## Exercise objective
Once the line holding "Toxonprucha strigalis" appears, repeat it and each line after it to the end of the data, exactly and with nothing else; pictures stay out.

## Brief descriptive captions
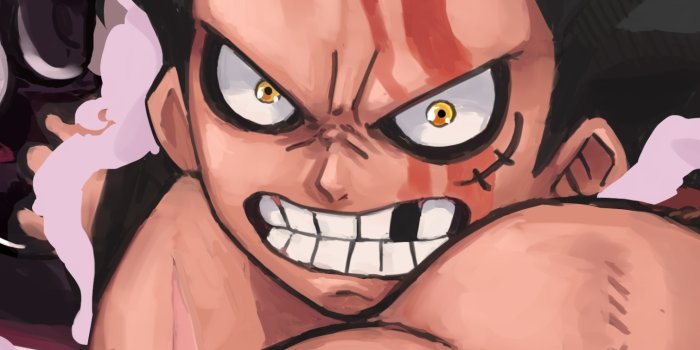 1440x2960 HD desktop wallpaper: Anime, One Piece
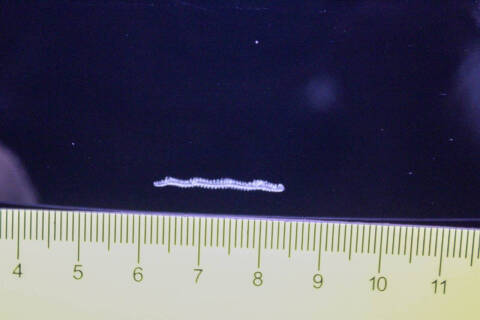 2003 Ford Mustang GT Deluxe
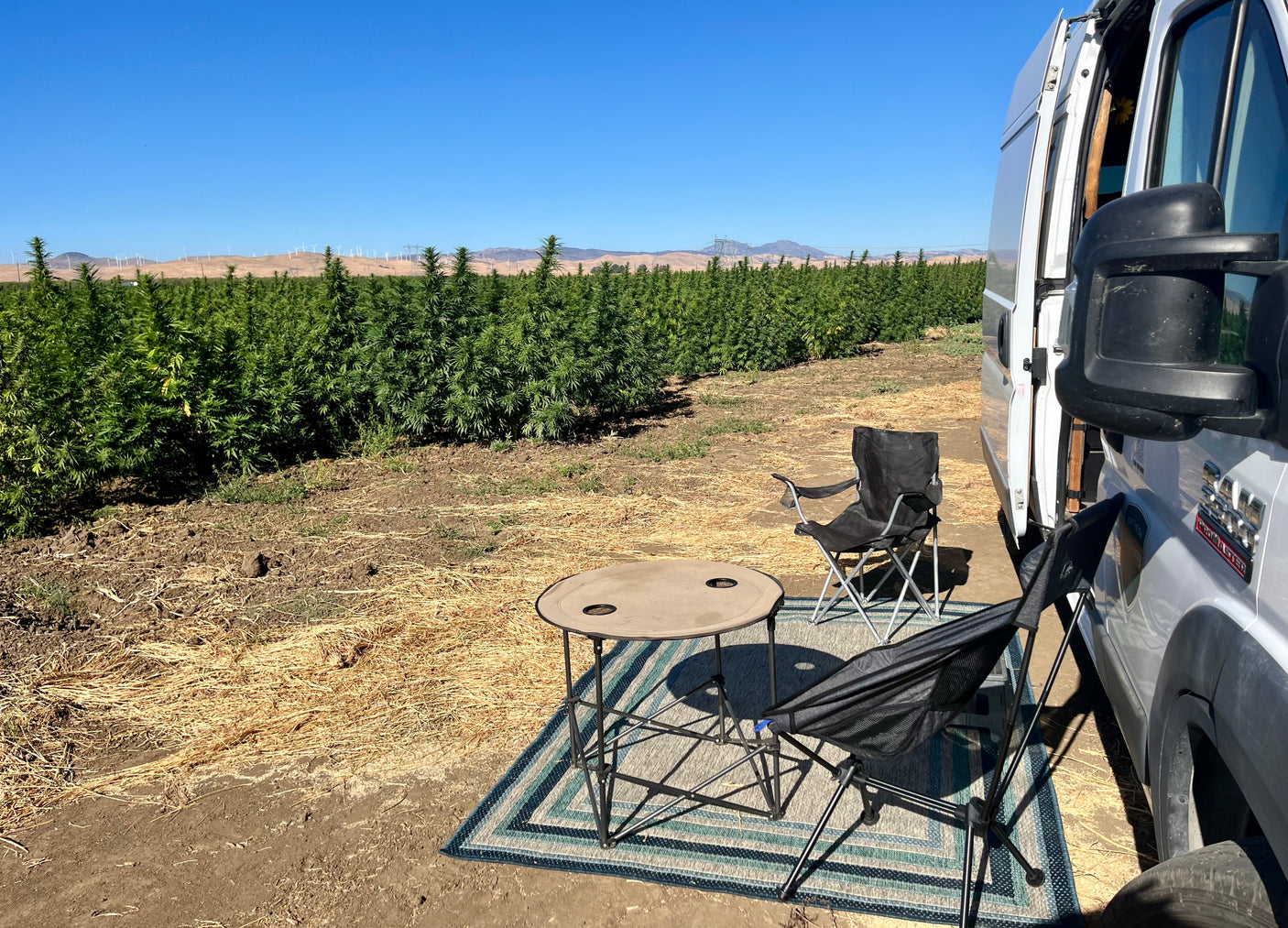 Relaxing by an RV rental, with camping chairs & table beside a field of lush cannabis plants and distant wind farm under clear skies.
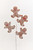 25" Gingerbread Spray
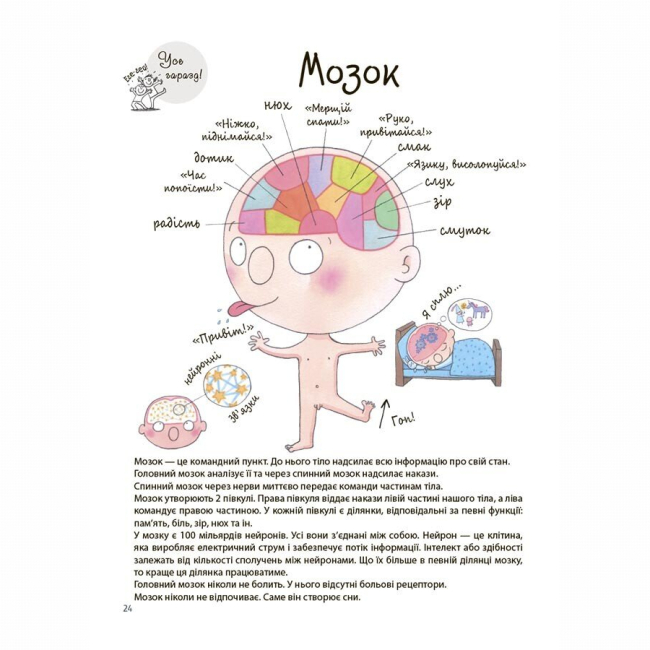Пізнавальні книги (4-10 років) - Книжка «Для турботливих батьків. Як улаштоване моє тіло: книжка для дітей (і дорослих!). 4+» (9786170042927)#4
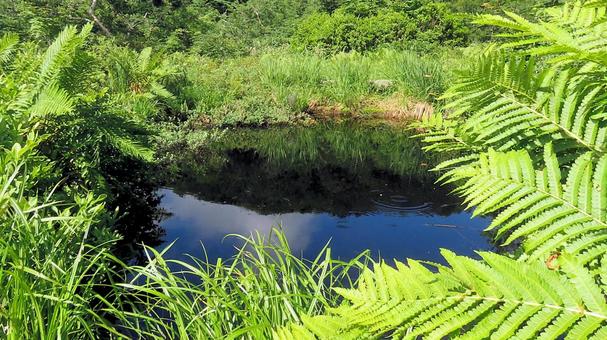 Summer sky and mountains reflected in the swamp at Hakuba Goryu Jizo, JPG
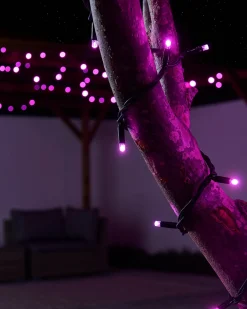 WeRChristmas LINK PRO LED String Lights, Black Cable, Pink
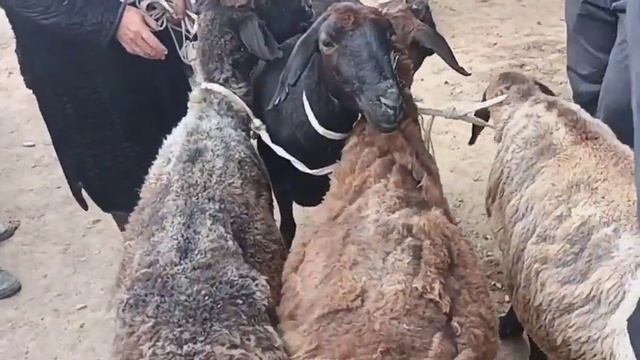 Qashqadaryo Viloyati Koson Tumani Alatoʻn Mol Bozori Qoʻy Narxlari 27.05.2022 Yil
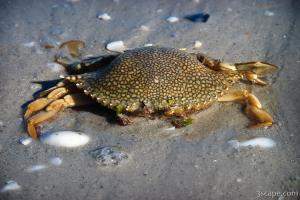 Dead crab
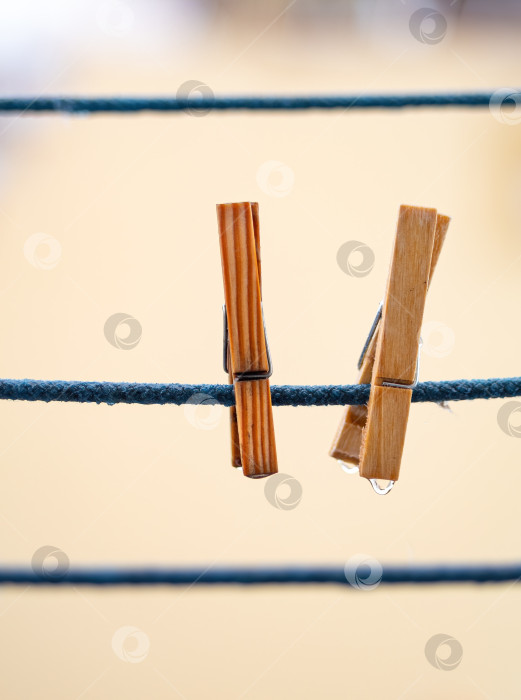 Скачать Две деревянные прищепки для белья на синей веревке со свисающими каплями воды после дождя на размытом фоне. фотосток Ozero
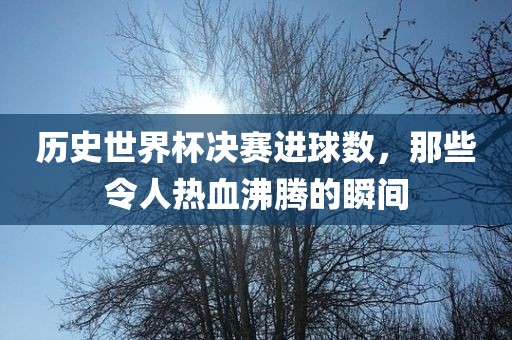 历史世界杯决赛进球数，那些令人热血沸腾的瞬间漯河市盈旭机械设备有限公司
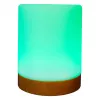 Luce ambientale RealPower 200 RGB con telecomando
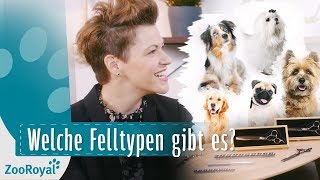 Fellpflege – eine Einführung mit Franziska Knabenreich | Rund um den Hund | ZooRoyal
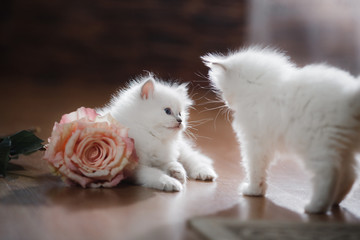  Ragdoll blue point two little kittens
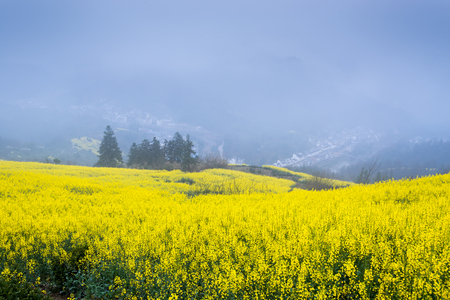 Rapeseed farmの写真素材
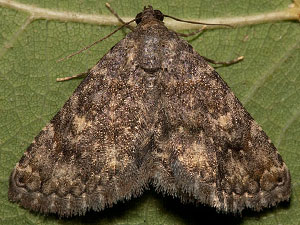 Toxonprucha strigalis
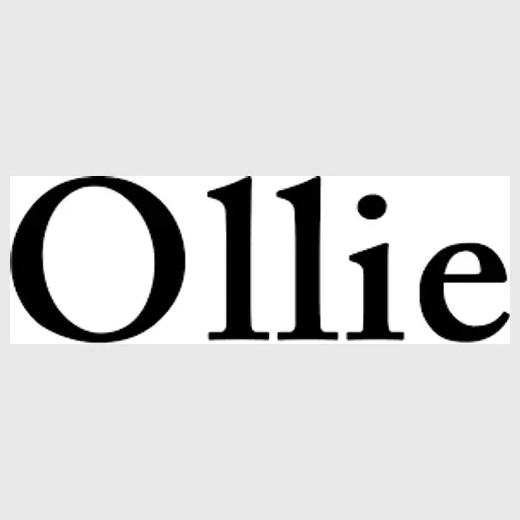 olliesmile brand logo for olliesmile.com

## Output of the exercise
 Toxonprucha strigalis
 olliesmile brand logo for olliesmile.com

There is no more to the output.